Provided material:
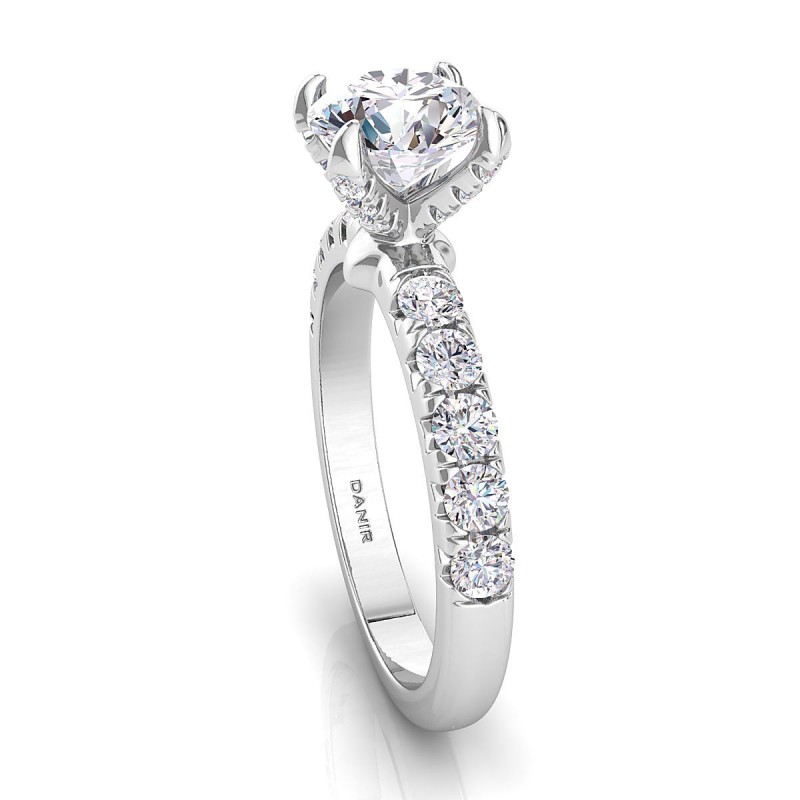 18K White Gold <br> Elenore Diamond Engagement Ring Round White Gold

==

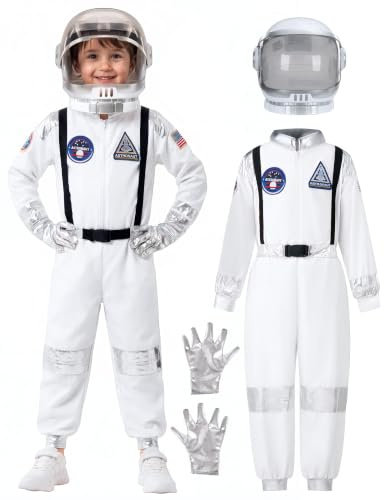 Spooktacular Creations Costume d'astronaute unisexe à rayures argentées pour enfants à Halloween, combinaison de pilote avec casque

---

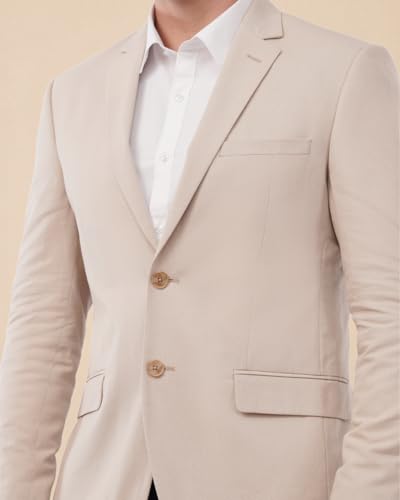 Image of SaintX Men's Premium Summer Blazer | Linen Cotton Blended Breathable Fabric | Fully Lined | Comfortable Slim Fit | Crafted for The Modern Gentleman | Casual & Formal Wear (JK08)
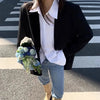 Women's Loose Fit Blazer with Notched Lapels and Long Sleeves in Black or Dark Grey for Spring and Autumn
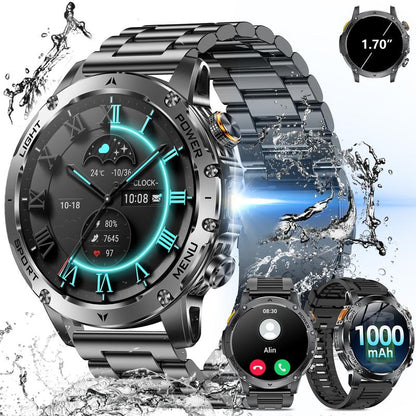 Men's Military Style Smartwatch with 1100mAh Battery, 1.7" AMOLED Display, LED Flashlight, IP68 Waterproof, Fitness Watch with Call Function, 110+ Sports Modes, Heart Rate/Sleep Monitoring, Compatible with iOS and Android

Problem description:
Go to the line above that contains "Image of SaintX" and reproduce everything exactly from there through the line that contains "Women's Loose Fit", leaving out the pictures.

Response to the exercise:
 Image of SaintX Men's Premium Summer Blazer | Linen Cotton Blended Breathable Fabric | Fully Lined | Comfortable Slim Fit | Crafted for The Modern Gentleman | Casual & Formal Wear (JK08)
 Women's Loose Fit Blazer with Notched Lapels and Long Sleeves in Black or Dark Grey for Spring and Autumn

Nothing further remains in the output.